Since I don't have ready access to players, I listen to a lot of my music rendered electronically. Like many composers, I've exported my Finale scores to MIDI and played that through a typical MIDI synthesizer. The result is not satisfying. The mechanical rhythm and static sound quality kill the music. I prefer to export my scores as MIDI, then put that MIDI through a program I wrote that produces a Csound score. Then Csound renders my piece. Why do I like this better? Unlike a sampler, Csound computes each note individually from unique parameters. For example, long notes can have a different envelope than short notes, and small random variations can be added to any note. The result will never replace live players, but it allows me to hear a bit of actual music in the electronic rendering. This piece demonstreates this technique.
It is often true that good music is carefully crafted and performed with exquisite control, and has a high degree of regularity and repetition. But irregularity and non-uniform patterns can be attractive and artistic, as well. I like spending time in nature, which rarely has uniform textures. A forest does not have trees in neat rows and columns, which is a big part of the appeal. So perhaps when we make music we can use randomness.
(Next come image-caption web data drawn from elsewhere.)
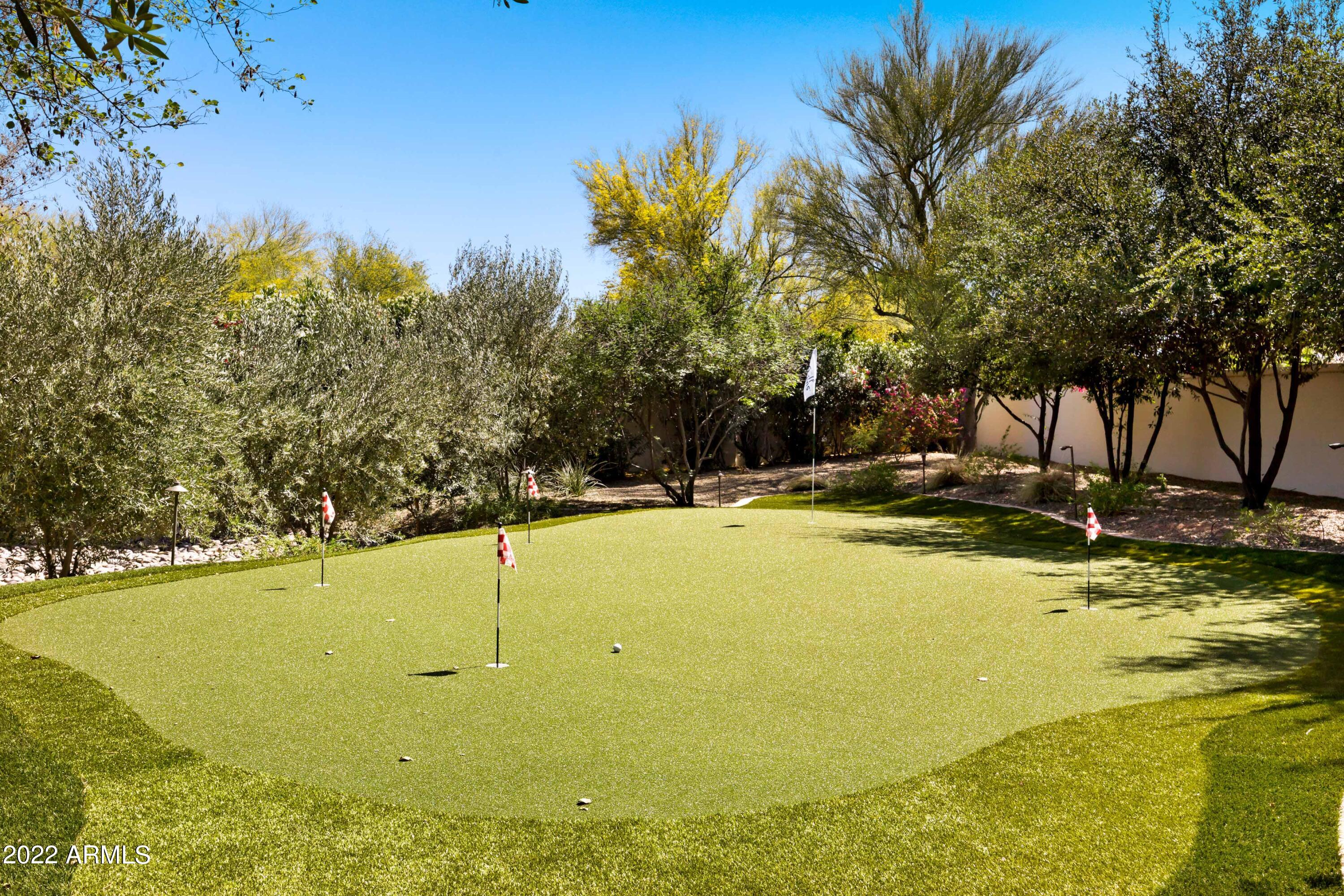 PARADISE VALLEY ENCLAVE - Residential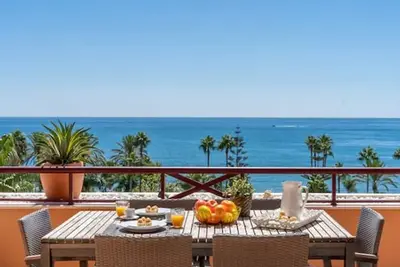 Penthouse Estepona great sea views & beach access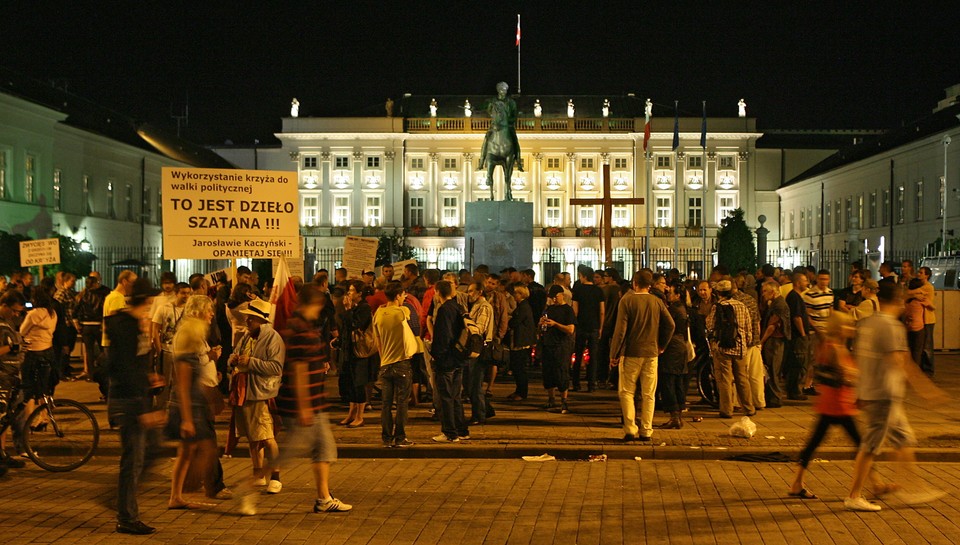 Ludzie przy krzyżu przed Pałacem Prezydenckim, fot. PAP/Paweł Kula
A computer can help us by providing a pseudo-random number generator.
There are a couple ways to use pseudo-randomness. In algorithmic composition, pseudo-randomness can be used to choose note pitches, start times, and durations. This produces music with an overall texture that waxes and wanes and bubbles up very much like something in nature (wind, a babbling brook, an erupting volcano). Wind chimes produce music like this---consider them a kind of algorithmic music.
We can also use pseudo-randomness in playing back a score composed by a human. Usually a score as entered into a notation program, or generated as midi, has a great deal of uniformity. Perhaps all eighth notes have the same duration, and arrive at an absolutely precise rate. A computer can alter the start time and duration and volume of each note pseudo-randomly. If it alters the times too much, the result sounds messy, but if it alters the times just a bit, the result is interesting music. Compared to an exactly metronomic playback, the result sounds less artificial and makes it easier to hear the musical feeling that is inherent in the shapes and structures of the score. At least this is how my ears hear the result.
It's fascinating that a "dumb" algorithm can make music that sounds natural and resonates with the human sense of beauty.